IntroductionΒΆ
The ST Pipeline contains the tools and scripts needed to process and analyze the raw files generated with the Spatial Transcriptomics method in FASTQ format to generated datasets for down-stream analysis. The ST pipeline can also be used to process single cell data as long as a file with barcodes identifying each cell is provided.
The ST Pipeline has been optimized for speed, robustness and it is very easy to use with many parameters to adjust all the settings.

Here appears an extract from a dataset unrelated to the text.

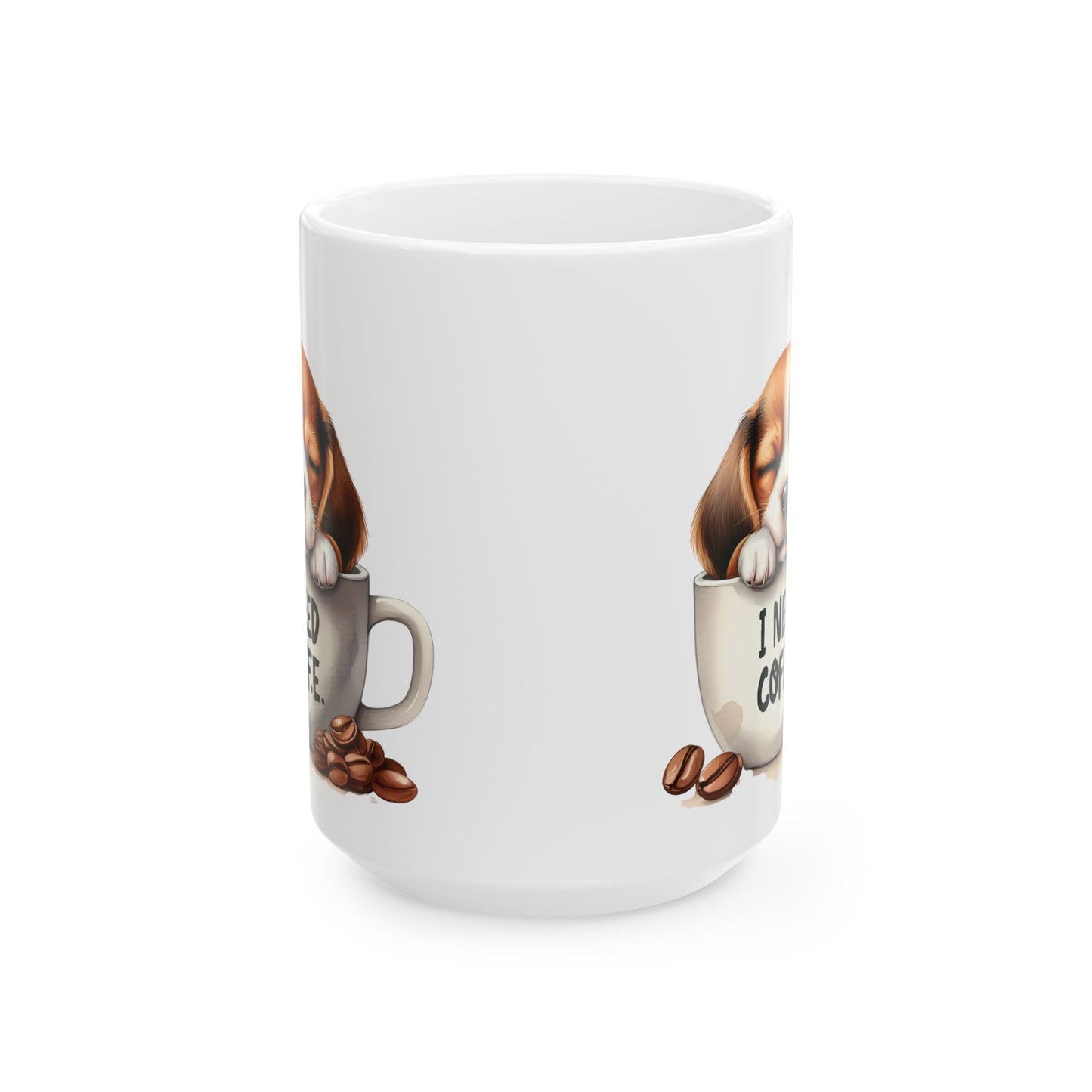Beagle Coffee Mug — Cute Dog in Coffee Cup Ceramic Mug (11oz, 15oz)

The following files/parameters are required:
FASTQ files (Read 1 containing the spatial information and the UMI and read 2 containing the genomic sequence)
A genome index generated with STAR
An annotation file in GTF or GFF format
- The file containing the barcodes and array coordinates
(look at the folder "ids" and chose the correct one). Basically this file contains 3 columns (BARCODE, X and Y), so if you provide this file with barcodes identinfying cells (for example), the ST pipeline can be used for single cell data.
A name for the dataset
The ST pipeline has multiple parameters mostly related to trimming, mapping and annotation but generally the default values are good enough. You can see a full description of the parameters typing "st_pipeline_run.py --help" after you have installed the ST pipeline.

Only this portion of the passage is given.